- _DATA_:
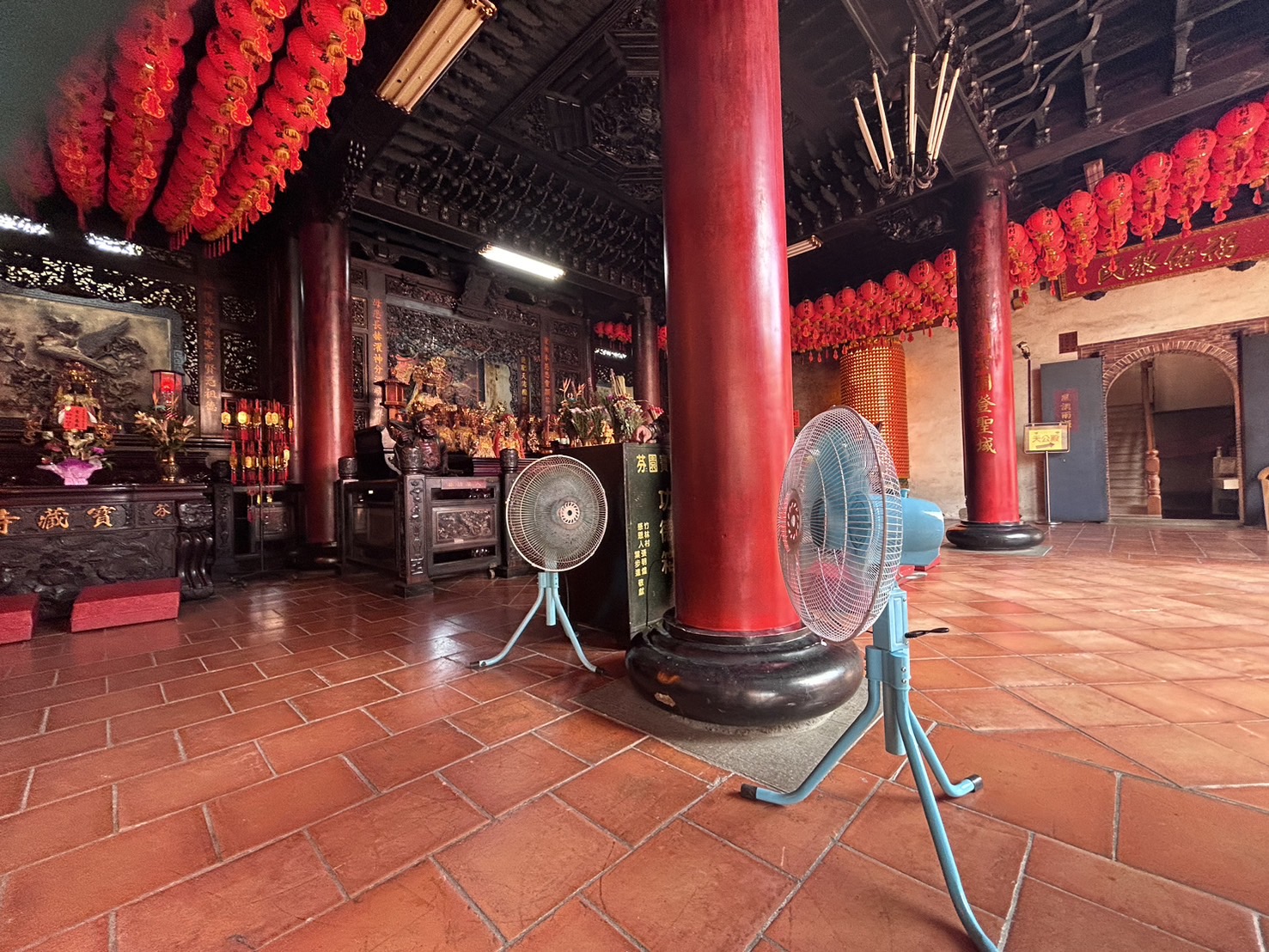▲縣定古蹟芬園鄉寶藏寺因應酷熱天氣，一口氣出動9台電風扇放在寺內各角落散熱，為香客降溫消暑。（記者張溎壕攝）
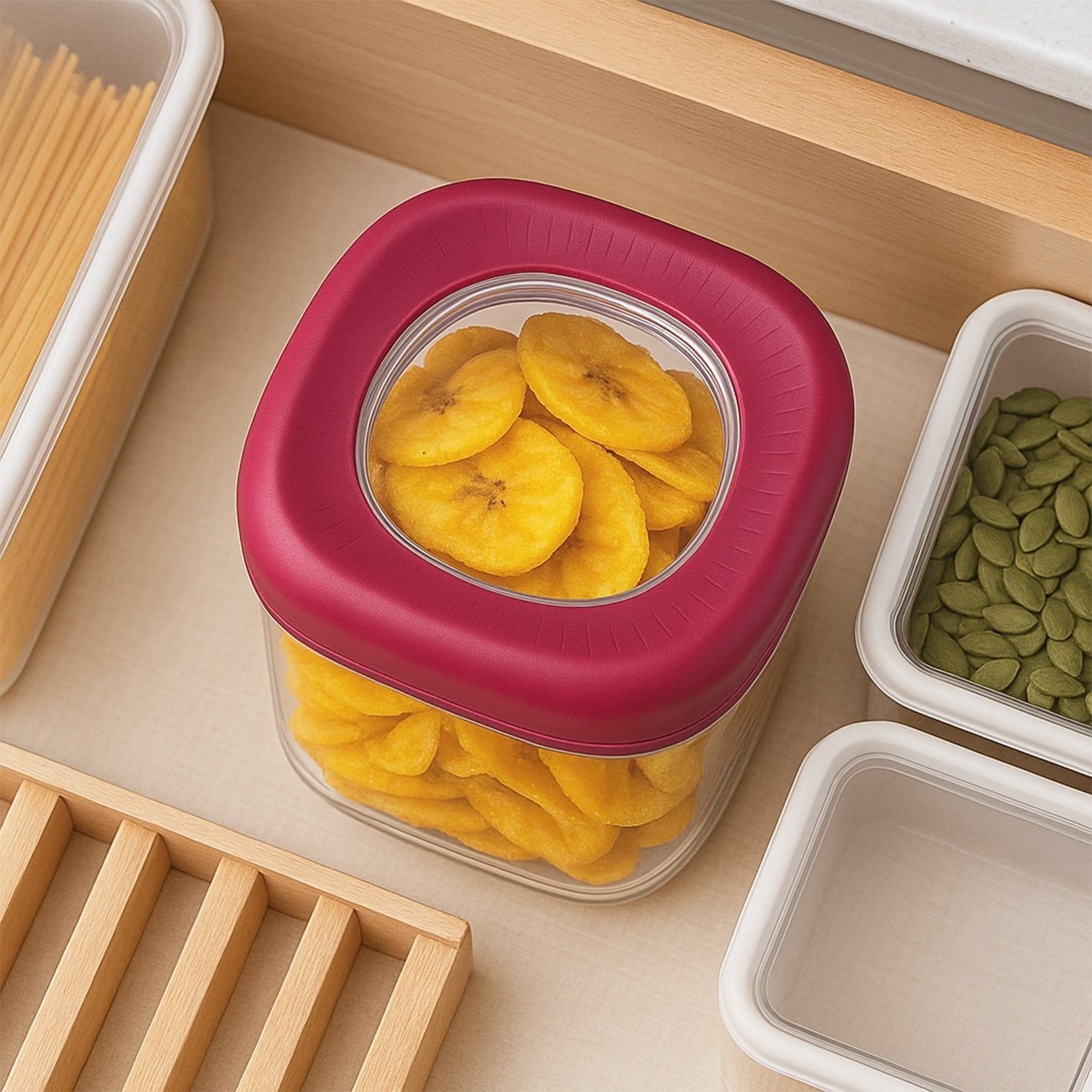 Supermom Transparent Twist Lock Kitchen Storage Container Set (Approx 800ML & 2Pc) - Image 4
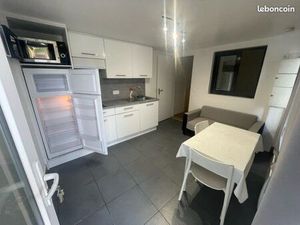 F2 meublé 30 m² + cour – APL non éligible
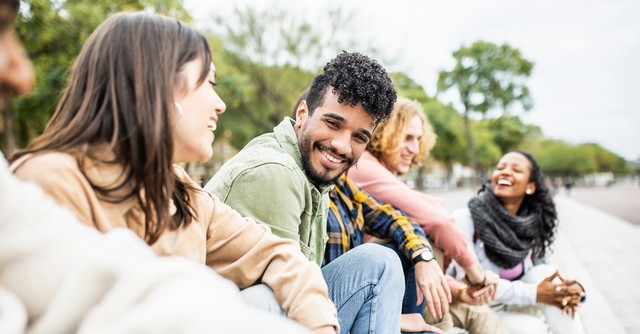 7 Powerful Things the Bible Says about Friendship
...
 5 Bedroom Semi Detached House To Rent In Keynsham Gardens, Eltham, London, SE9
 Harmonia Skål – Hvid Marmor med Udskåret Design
...
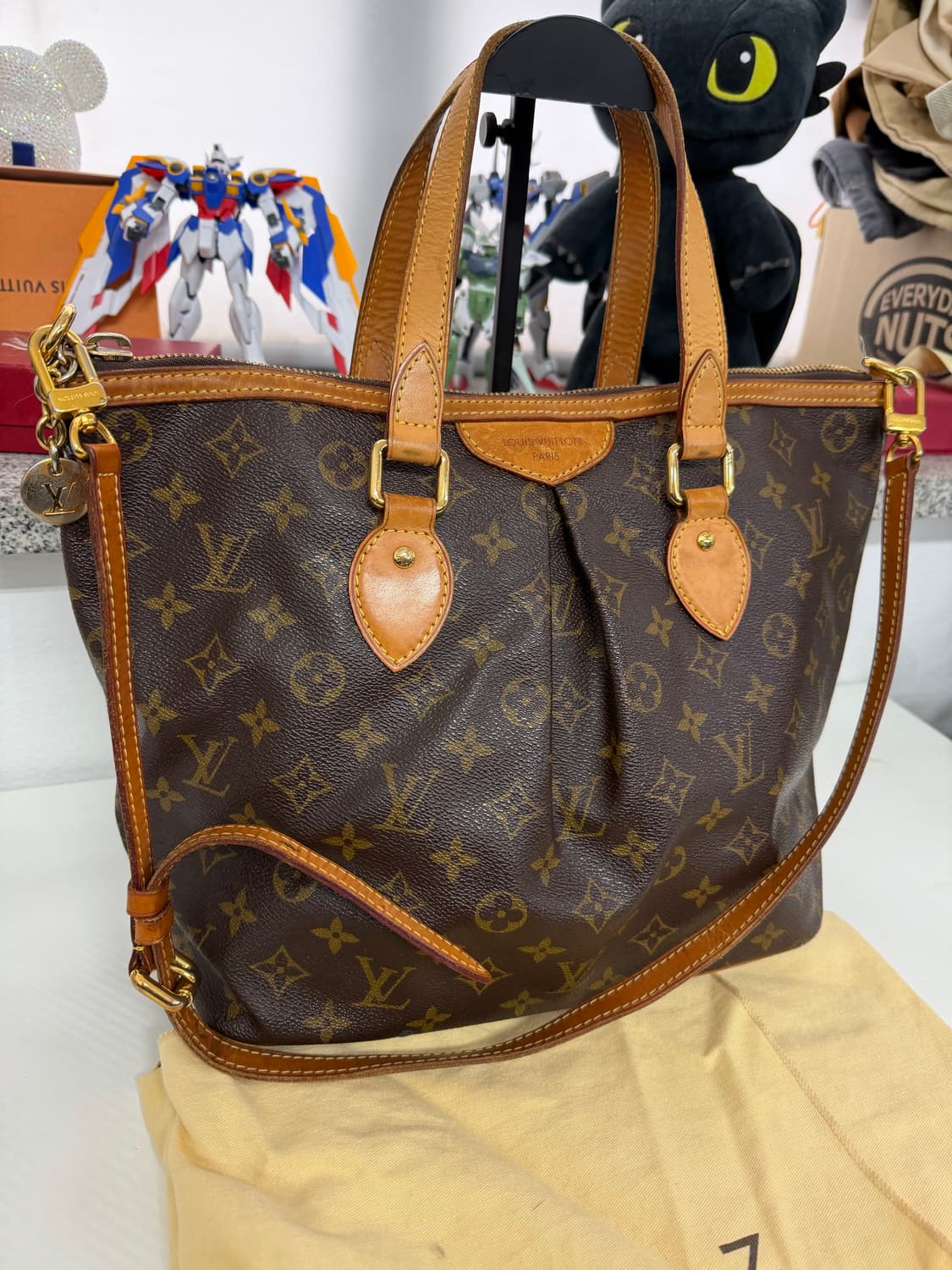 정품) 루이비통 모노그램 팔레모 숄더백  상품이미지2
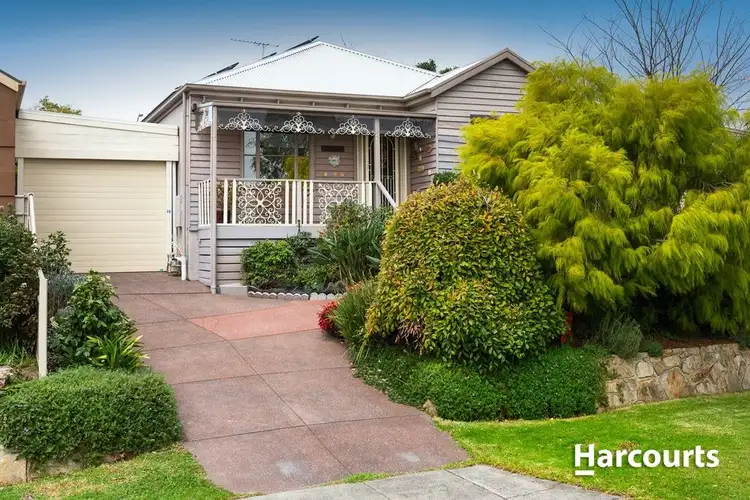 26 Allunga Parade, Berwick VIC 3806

- _ABOUT THIS TASK_: For this exercise, please set down exactly the lines of the listing above from the line with "F2 meublé 30 m² + cour – APL non éligible" up to and including the line with "7 Powerful Things", and no pictures.

- _WRITTEN SOLUTION_:
 F2 meublé 30 m² + cour – APL non éligible
 7 Powerful Things the Bible Says about Friendship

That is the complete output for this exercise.